To some extent the same may be said in regard to the Pauline doctrine of redemption. It is to be observed that both writers, he of the Homilies as well as the writer of the Recognitions, dislike and ignore Paul, even if they do not attempt to pillory him under the image of Simon Magus, as many have thought that they do. What, however, is also to be observed, is that they do not venture to denounce him by name. Paul and his teachings must have been, in the early part of the 2nd century, held in such deep reverence that no one could hope to destroy them by direct assault; the only hope was a flank attack. This reverence for Paul implies the reception of all he taught. All the specially Pauline doctrines of original sin, of redemption through the sacrificial death of Christ, and all the cognate ideas must have been held strongly by the early church or the Ebionites would have denounced Paul in the Clementines by name. Schwegler would argue that Justin Martyr was an Ebionite because he neither mentionsnor quotes Paul. To this it may be answered that as the emperors to whom he addressed his apologies were heathens, and Trypho, with whom he had his dialogue, was a Jew, he naturally did not name one whose authority would be valueless to those he was addressing. He is equally silent as to Peter, James and John. If he does not quote Paul there are several indubitable echoes of his phrases and his thoughts.

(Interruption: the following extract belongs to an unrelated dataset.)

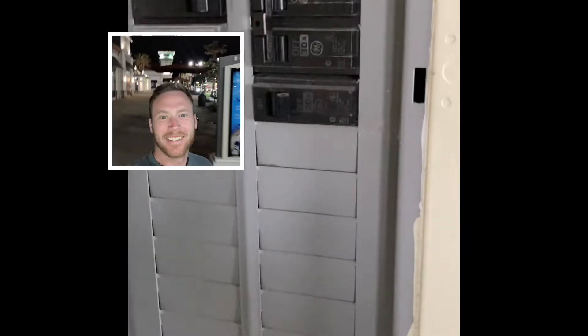I'm Michael with Erwin Power, and I had a customer call me frantic, wanting me to fix a lighting situation they had at a beach house. They have some renters coming in here in about an hour or two, and the lights were not working.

In the face of the recent discoveries made in Egypt one cannot despair of manuscripts turning up which may throw needed light on this heresy. Were the Gospel according to the Hebrews to be found, or a manuscript of Hegesippus, we should be in a better position to decide a number of questions.

LITERATURE.

Contemporary writers on Ebionites: Irenaeus; Tertullian; Hippolytus; Origen; Eusebius, III, 27; Epiphanius; Jerome; Justin Martyr (Trypho, 47, 48) refers to the Ebionites without naming them.

Ebionite writings: Clementine Homilies; Clementine Recognitions; Clementine Epitomes; Asc Isa; Odes of Solomon. Modern church historians: Neander, General History of the Christian Religion and Church; Schrock, Kirchengeschichte; Walch, Historic der Ketzereien, I, 95-124; Baur, Kirchengeschichte, I, 172-74, and Dogmengeschichte, 140-61, and Christliche Gnosis; Schwegler, Nachapostolisches Zeitalter, 17-198; Ritschl, Altkatholische Kirche, 107-271; Matter, Gnosticisme, III, 11-28; Harnack, History of Dogma, 1-89 ff; Reuss, Hist. de la Theologie, I, 115-25; Donaldson, Christian Literature and Doctrine from the Death of the Apostles to the Nicene Council, I, 39 ff; Mansel, Gnostic Heresies, 123-26; Helgenfeld, Ketzergeschichte, 421-46, and Clementines.

Articles in theological dictionaries: Smith and Wace; RE, 1st, 2nd and 3rd eds; Jewish Encyclopedia; Holtzman u. Zopffel; Lightfoot, Galatians, Disc. III; Colin Campbell, Studies in Luke.